Here’s where savvy blockchain investors can learn from the thousands of altcoins that have launched over the past few years.

Value is driven by users. The blockchain is about people: the more people who use a blockchain, the more valuable it becomes, due to network effects. Facebook is one of the most valuable networks on the planet, giving its currency a potentially massive valuation (if it can get enough people using it). If the adoption we have seen of digital assets within Paypal is any guide the adoption curve of Diem could be vertical.

Value will likely accrue to Facebook stock. Because Diem is envisioned as a stablecoin (e.g., a digital currency with a stable value, like the dollar), the value of the new economy would likely flow into Facebook’s stock price. In other words, for every dollar invested in Diem, consider a dollar in FB stock.

Trading opportunities abound. While we are generally fans of blockchain value investing (“buy and hold”), there will be many opportunities for trading (“buy and sell”), including arbitraging against other stablecoins and other global currencies. Trading will be a rich area of opportunity, especially at launch.

Diem in your 401(k): The dream is an automated platform that withdraws, say, $100 from your bank account each month, investing $10 in Diem and $90 in FB stock. This would offer a convenient way to diversify everyday investors into digital currencies (10%) with the overall stock market (90%).

The beginning of the next wave: If the new Facebook coin takes off, expect other tech companies to follow suit with their own digital currencies. As a rule of thumb, the companies with the most network effects will be the ones that accrue the most value (think Google, Twitter, Apple, Amazon).

The blockchain is about people. Facebook, with its focus on connecting people, is in a perfect position to become a blockchain leader overnight.

The Facebook Coin Saga Explained

Similar to the story of Facebook, the story of Diem has not been a smooth ride. With the continued delays it will be interesting to see in what format it finally releases.

While Facebook continues working on Diem, stablecoins continue to gain adoption. Tether has resolved a lot of their legal dramas and USDC continues to grow at a rapid rate.

Facebook logo


2017: Morgan Beller becomes the first person to start working on Facebook’s secret blockchain project.

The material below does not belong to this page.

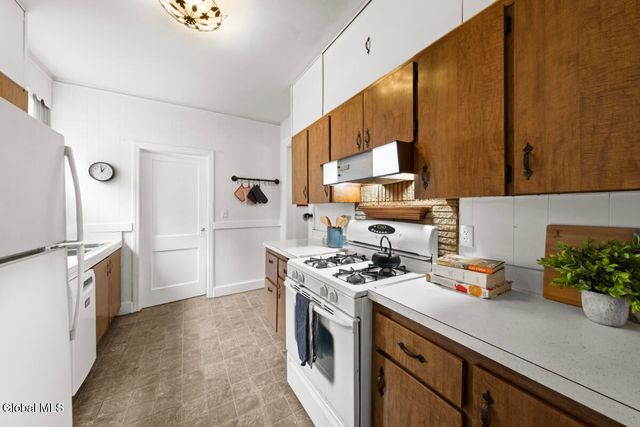 69 Pinewoods Avenue, Troy, NY 12180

2018 May: David A Marcus (Facebook VP) moves from Facebook’s Messenger division to their new blockchain division.

2019 May: Reports emerge that 50 engineers are working on the project.

2019 June: The Libra project is officially announced with a planned launch for 2020. The creators of the coin are listed as Morgan Beller, David Marcus, and Kevin Weil (Novi’s VP of Product). The release of the digital wallet called Calibra is scheduled for 2020.

2019 July: Less than a month later and Facebook announces Libra will not launch until it has 100% regulatory approval.

2019 September: Mark Zuckerberg meets with Senate Democratic leaders and reconfirms that Libra will not launch without first obtaining regulatory approval.

2019 October: The number of companies that formed the Libra Association dwindles as multiple companies leave the project. Vodafone joins the association.

2020 January: Vodafone leaves Libra.

2020 February: Shopify and Tagomi join Libra.

2020 April: Libra announced they are in talks with regulators from Switzerland for a payments license. Checkout.com joins Libra.

2020 May: Calibra is renamed Novi. Temasek Holdings, Paradigm, and Slow Ventures join Libra.

2020 November: It’s announced that the original plan to back Libra with a basket of currencies (50% United States dollar, 18% Euro, 14% Japanese yen, 11% Pound sterling, and 7% Singapore dollar) has been scrapped in favor of backing it 1:1 with the US dollar. Using a basket of currencies could have helped stabilize Libra’s value for Facebook’s worldwide user base.

2020 December: Libra and the Libra Association are renamed Diem and Diem Association.

2021 April: Novi and Diem are still not released.

By the time Diem launches will there still be a use case for it, or will the other stablecoins have already saturated the market? Taking a look at the user base of digital assets compared to the world population and despite being 10 years in we are still in the early days.